Don’t fire an unskilled decision-maker, augment them. You can hire them an upgrade in the form of a helper. The qualitative expert is here to supplement their skills.
This person typically has a social science and data background — behavioral economists, neuroeconomists, and JDM psychologists receive the most specialized training, but self-taught folk can also be good at it. The job is to help the decision maker clarify ideas, examine all the angles, and turn ambiguous intuitions into well-thought-through instructions in language that makes it easy for the rest of the team to execute on.
We don’t realize how valuable social scientists are. They’re usually better equipped than data scientists to translate the intuitions and intentions of a decision-maker into concrete metrics.
The qualitative expert doesn’t call any of the shots. Instead, they ensure that the decision-maker has fully grasped the shots available for calling. They’re also a trusted advisor, a brainstorming companion, and a sounding board for a decision-maker. Having them on board is a great way to ensure that the project starts out in the right direction.
Many hiring managers think their first team member needs to be the ex-professor, but actually you don’t need those PhD folk unless you already know that the industry is not going to supply the algorithms that you need. Most teams won’t know that in advance, so it makes more sense to do things in the right order: before building yourself that space pen, first check whether a pencil will get the job done. Get started first and if you find that the available off-the-shelf solutions aren’t giving you much love, then you should consider hiring researchers.

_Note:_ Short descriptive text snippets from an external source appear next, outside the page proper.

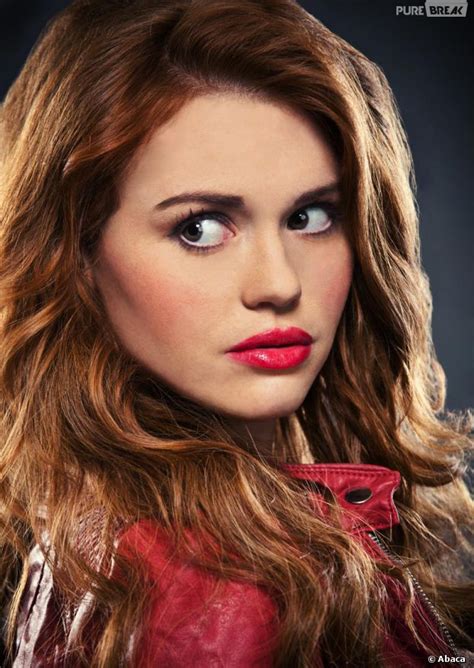 Holland Roden Linterview Portrait Exclu De Lactrice De Teen Wolf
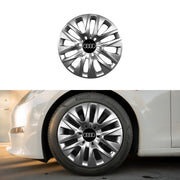 Set 4 capace roti potrivite jantelor de 16 inch compatibile gama AUDI model - 429
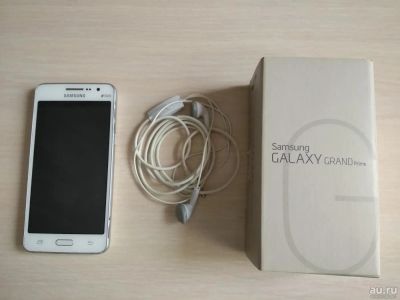 Лот: 8608387. Фото: 1. Смартфон Samsung Galaxy Grand... Смартфоны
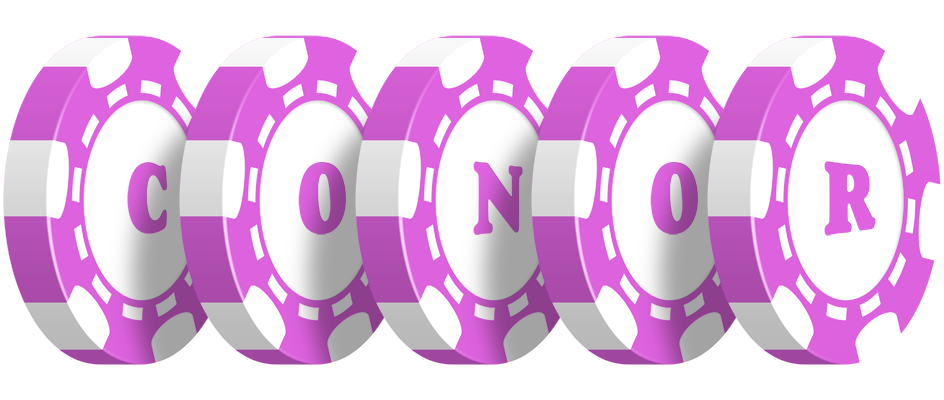 Conor river logo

If a researcher is your first hire, you probably won’t have the right environment to make good use of them.
Don’t bring them in right off the bat. It’s better to wait until your team is developed enough to have figured out that what they need a researcher for. Wait till you’ve exhausted all the available tools before hiring someone to build you expensive new ones
Before you invent pens that work in space, check that existing solutions don’t meet your needs already.
#10+ Additional personnel
Besides the roles we looked at, here are some of my favorite people to welcome to a decision intelligence project:
- Domain expert
- Software engineer
- Reliability engineer
- UX designer
- Interactive visualizer / graphic designer
- Data collection specialist
- Data product manager
- Project / program manager
Many projects can’t do without them — the only reason they aren’t listed in my top 10 is that decision intelligence is not their primary business. Instead, they are geniuses at their own discipline and have learned enough about data and decision-making to be remarkably useful to your project. Think of them as having their own major or specialization, but enough love for decision intelligence that they chose to minor in it.
Huge team or small team?
After reading all that, you might feel overwhelmed. So many roles! Take a deep breath. Depending on your needs, you may get enough value from the first few roles.
Revisiting my analogy of applied machine learning as innovating in the kitchen, if you personally want to open an industrial-scale pizzeria that makes innovative pizzas, you need the big team or you need to partner with providers/consultants. If you want to make a unique pizza or two this weekend — caramelized anchovy surprise, anyone? — then you still need to think about all the components we mentioned. You’re going to decide what to make (role 1), which ingredients to use (roles 2 and 3), where to get ingredients (role 0), how to customize the recipe (role 5), and how to give it a taste test (role 4) before serving someone you want to impress, but for the casual version with less at stake, you can do it all on your own. And if your goal is just to make standard traditional pizza, you don’t even need all that: get hold of someone else’s tried and tested recipe (no need to reinvent your own) along with ingredients and start cooking!